## Your task
The answer is an exact repeat of the entries below, with the pictures omitted.

## Supplied data
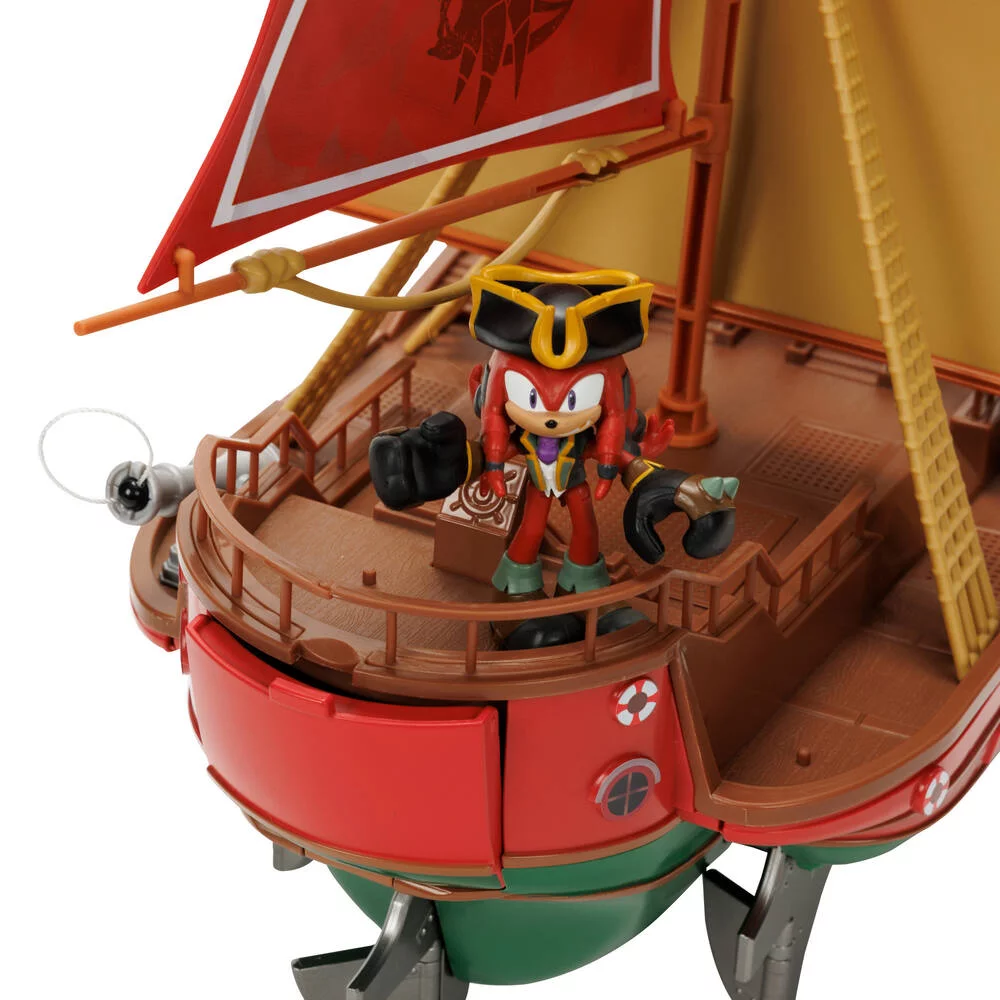 SONIC PRIME - COFFRET BATEAU PIRATE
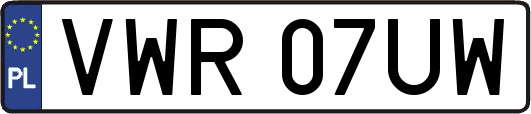 VWR07UW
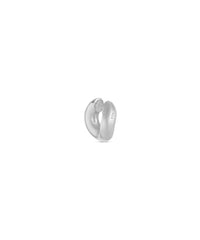 Loop Ear Cuff - Shiny Silver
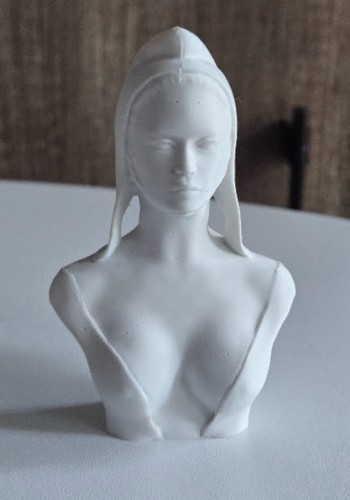Grand buste marianne bardot - buste, b.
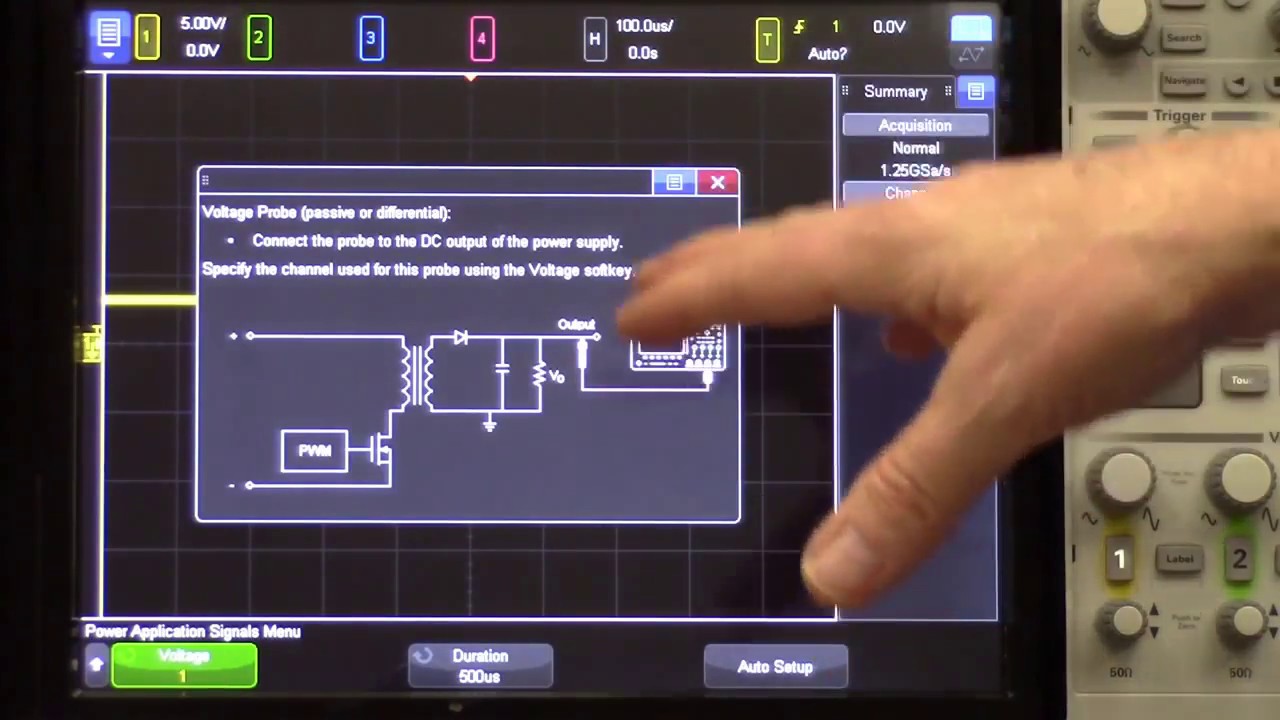 Making Output Ripple Measurements on a DC output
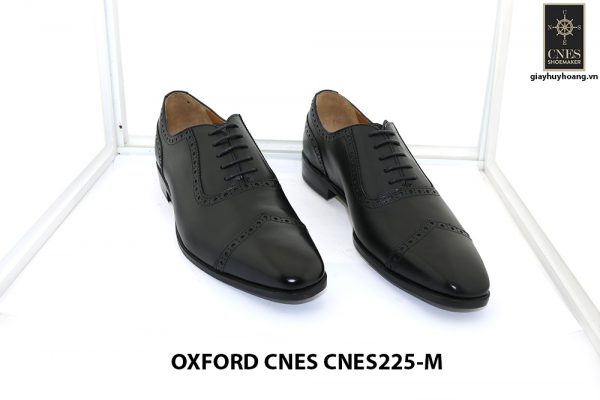 [Outlet Size 41] Giày tây nam cao cấp Oxford Cnes CNS225-M 001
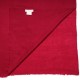 Vera Pashmina 100% cashmere Scialle Rosso carminio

## Answer for the task
 SONIC PRIME - COFFRET BATEAU PIRATE
 VWR07UW
 Loop Ear Cuff - Shiny Silver
Grand buste marianne bardot - buste, b.
 Making Output Ripple Measurements on a DC output
 [Outlet Size 41] Giày tây nam cao cấp Oxford Cnes CNS225-M 001
 Vera Pashmina 100% cashmere Scialle Rosso carminio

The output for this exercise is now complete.